Non dovrebbe essere difficile capire, così, perché nessuno dei tanti partiti oggi presenti in Parlamento possono garantirci che le cose cambieranno davvero nel futuro. Per questo riteniamo che anche tanti del mondo cattolico sbaglino ad accasarsi da una parte o dall’altra e vengano meno a degli obblighi di coerenza che a noi appaiono ineludibili.

Una delle grande “distrazioni di massa” da cui gli italiani sono stati travolti è quella del “leaderismo” o del cosiddetto “uomo solo al comando”. Ne stiamo toccando con mano le conseguenze. Così come quelle provocate dai partiti “padronali” o da qualche “Capitano” che, al momento del dunque, falliscono perché carenti di analisi politica, di equilibrata valutazione delle condizioni vere del paese. Collocati come sono stati, o come sono, al vertice di un sistema alle cui attenzione giunge non la consapevolezza delle esigenze vere della gente, ma messaggi frammentati e “interessati”, condizionati dalla necessità di mantenere posizioni di potere o un effimero consenso elettorale.

Allora, noi preferiamo pensare a un altro modello di partito. Pur consapevoli che sono in crisi sia quello tradizionale basato sull’organizzazione territoriale, sia quello digitale andato per la maggiore negli ultimi anni per le suggestioni legate alla democrazia diretta “raccontata” della Piattaforma Rousseau, rivelatasi miseramente inutile ai  5 Stelle nel corso degli ultimi appuntamenti elettorali. Anche la “Bestia” di Matteo Salvini non ha salvato il Segretario della Lega dal grave errore politico commesso lo scorso anno quando decise di far cadere il Governo Conte 1: non capì come mutavano gli equilibri europei. Gli sta rimanendo in mano solamente la carta degli immigrati.

Troppi sono gli elementi da cui viene la conferma che è necessario cambiare molto della politica e dei responsabili istituzionale.

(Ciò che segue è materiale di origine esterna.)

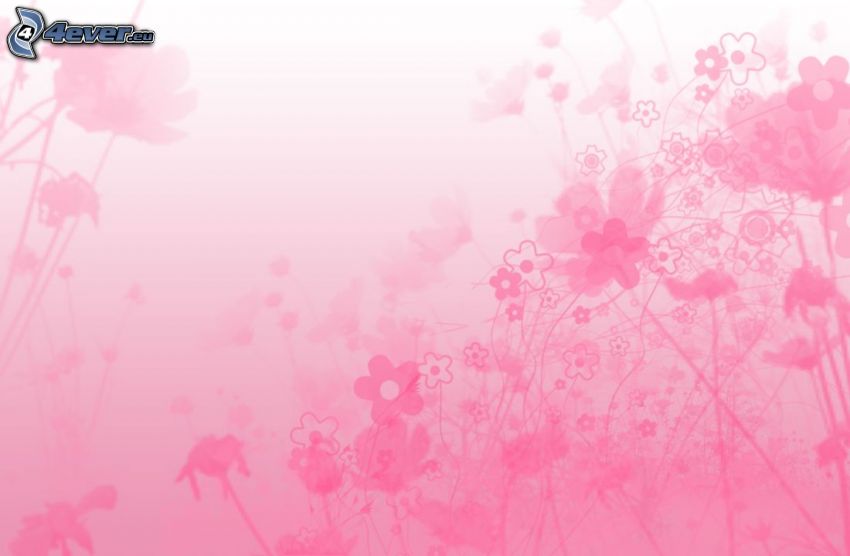 pink background, digital flowers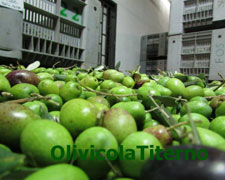 Immagine 1 di OLIO EXTRAVERGINE DI OLIVA BIO BLEND DI CATEGORIA SUPERIORE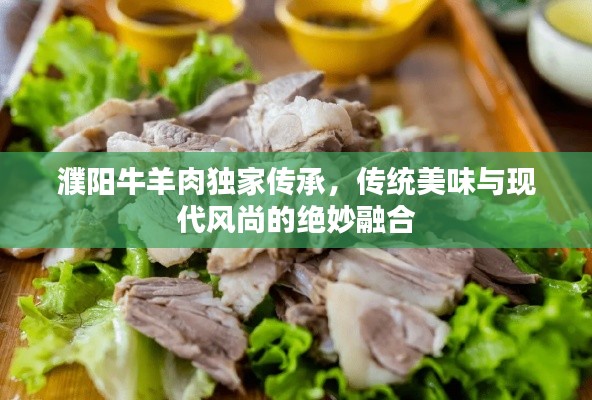 濮陽(yáng)牛羊肉獨(dú)家傳承，傳統(tǒng)美味與現(xiàn)代風(fēng)尚的絕妙融合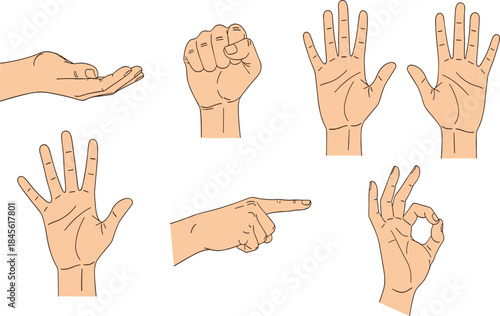 Collection of Human Hand Gestures and Signs Showing Open Palm Pointing Finger Fist and OK Sign for Non-Verbal Communication Design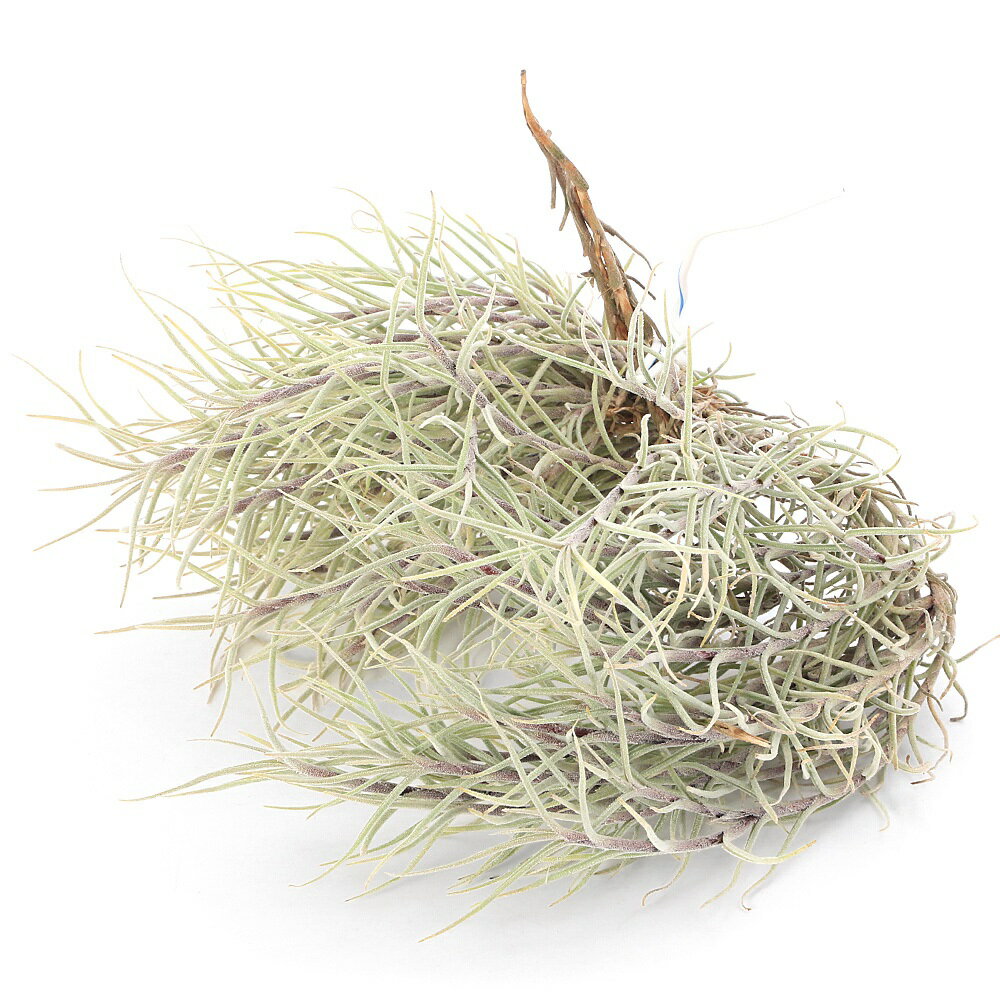 （観葉植物）エアープランツ チランジア カピラリス（1株）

Ecco perché parliamo di facce nuove e di lasciare spazio a un nuovo personale politico e istituzionale. Questo nostro paese ha bisogno di competenze e di professionalità per sburocratizzare adeguatamente uno Stato obsoleto e vecchio. Un Stato in cui pur valenti dirigenti e funzionari, che fortunatamente non mancano, devono mettere in cima ai loro pensieri il rispetto formale delle procedure, muoversi in un ginepraio di leggi, norme e circolari  le quali finiscono, inevitabilmente, per portarli a preoccuparsi di non essere inquisiti dal primo magistrato di turno, poi di cercare d’interpretare al meglio le reali intenzioni del decisore politico sempre pronto a lasciargli in mano il cerino acceso e la responsabilità delle decisioni adottate. Le facce nuove, dunque, devono anche trovare un quadro di decisioni coerenti e certe che non possono che venire dalla Politica.

Il nostro ispirarci alla Costituzione e al Pensiero sociale della Chiesa è, quindi, anche ricerca di concretezza e coerenza con una scelta di responsabilità che chiediamo a noi stessi e a tutti quelli intenzionati, davvero, a mettere un punto e andare a capo scrivendo una pagina del tutto nuova della Politica e della gestione della cosa pubblica.